Some of the means of subsistence are consumed more quickly, others more slowly. For example, the use values that serve daily as sustenance are also consumed daily, and the same is true of the use values that serve for heating, soap (cleanliness) and lighting. Other necessary means of subsistence, in contrast, such as clothes or housing, are worn out more slowly, although they are used and needed every day. Some means of subsistence must be bought afresh every day, renewed (replaced) every day, others, like for example clothes, need replacing or renewing only at longer intervals although they have to be used every day. This is because they continue to serve as use values for longer periods of time and only become worn out, unserviceable, at the end of these periods.

If the total amount of the means of subsistence the worker must consume every day in order to live as a worker = A, in 365 days it = 365A. In contrast to this, if the total amount of all the other means of subsistence he needs, which only need replacing, i.e. buying anew, three times a year, = B, he would only need 3B in the whole year. Taking them together, therefore, he would need 365A+3B in a year; and every day (365A+3B)/365 . This would be the average amount of the means of subsistence he needed every day, and the value of this amount would be the daily value of his labour capacity, i.e. the value required day by day, counting one day as equivalent to another, to buy the means of subsistence necessary for the maintenance of his labour capacity.

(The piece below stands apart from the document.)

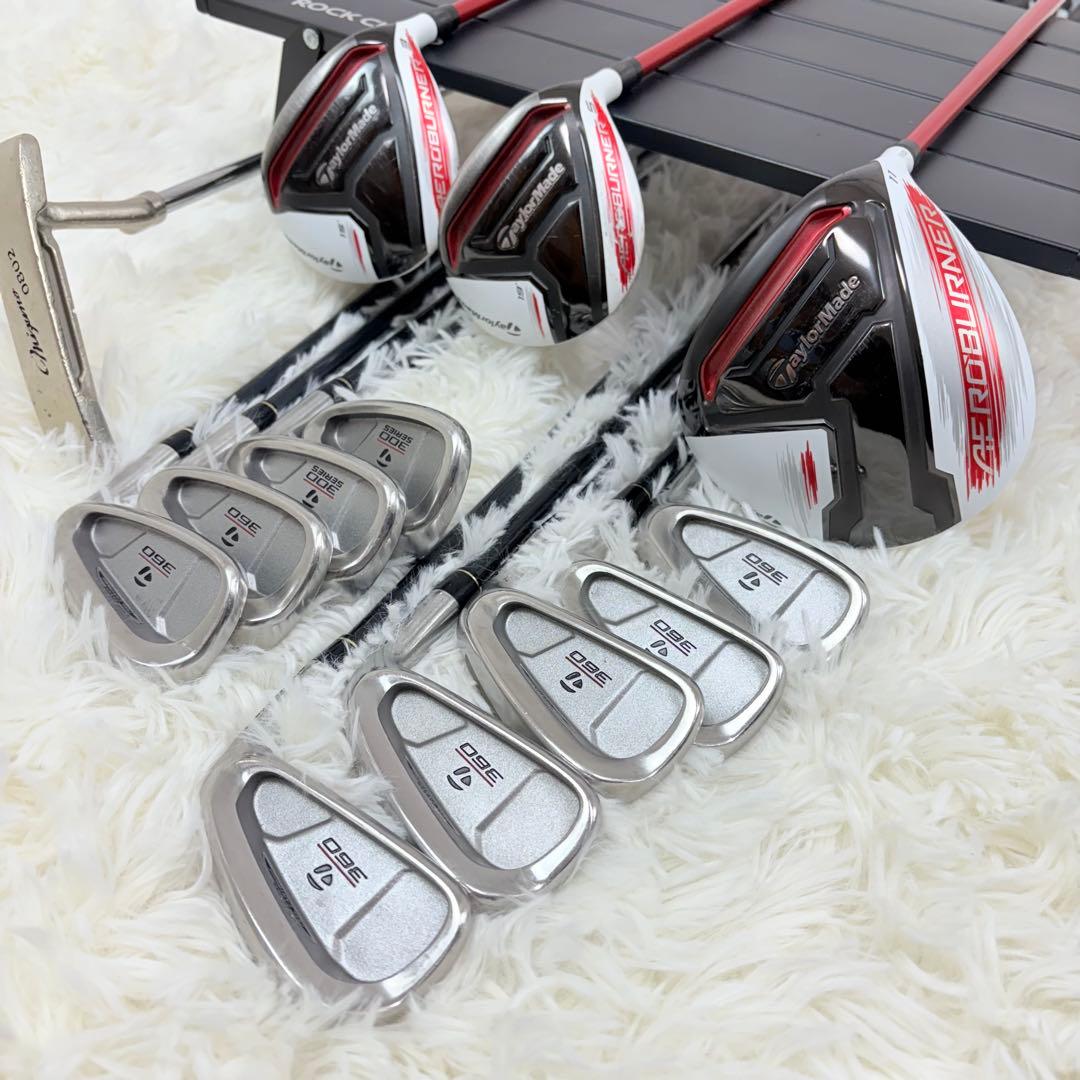 TaylorMade Aero Burner メンズクラブセット 13本 ゴルフ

(If one counts the year as 365 days it will contain 52 Sundays, leaving 313 working days; one can therefore take an average of 310 working days.) If now the value of (365A+3B)/365 = 1 thaler, the daily value of his labour capacity would = l thaler. He must earn this amount every day in order to be able to live through the year day by day, and nothing in this is altered by the fact that the use value of certain commodities is not renewed every day. The annual total of his necessities of life is therefore given; then we take their value or price; then we take the daily average, i.e. we divide the total by 365, and we thus obtain the value of the worker’s average necessities of life or the average daily value of his labour capacity. (The price of 365A+3B = 365 thalers, hence the price of his daily necessities of life (365A+3B)/365 = 365/365 = 1 thaler.)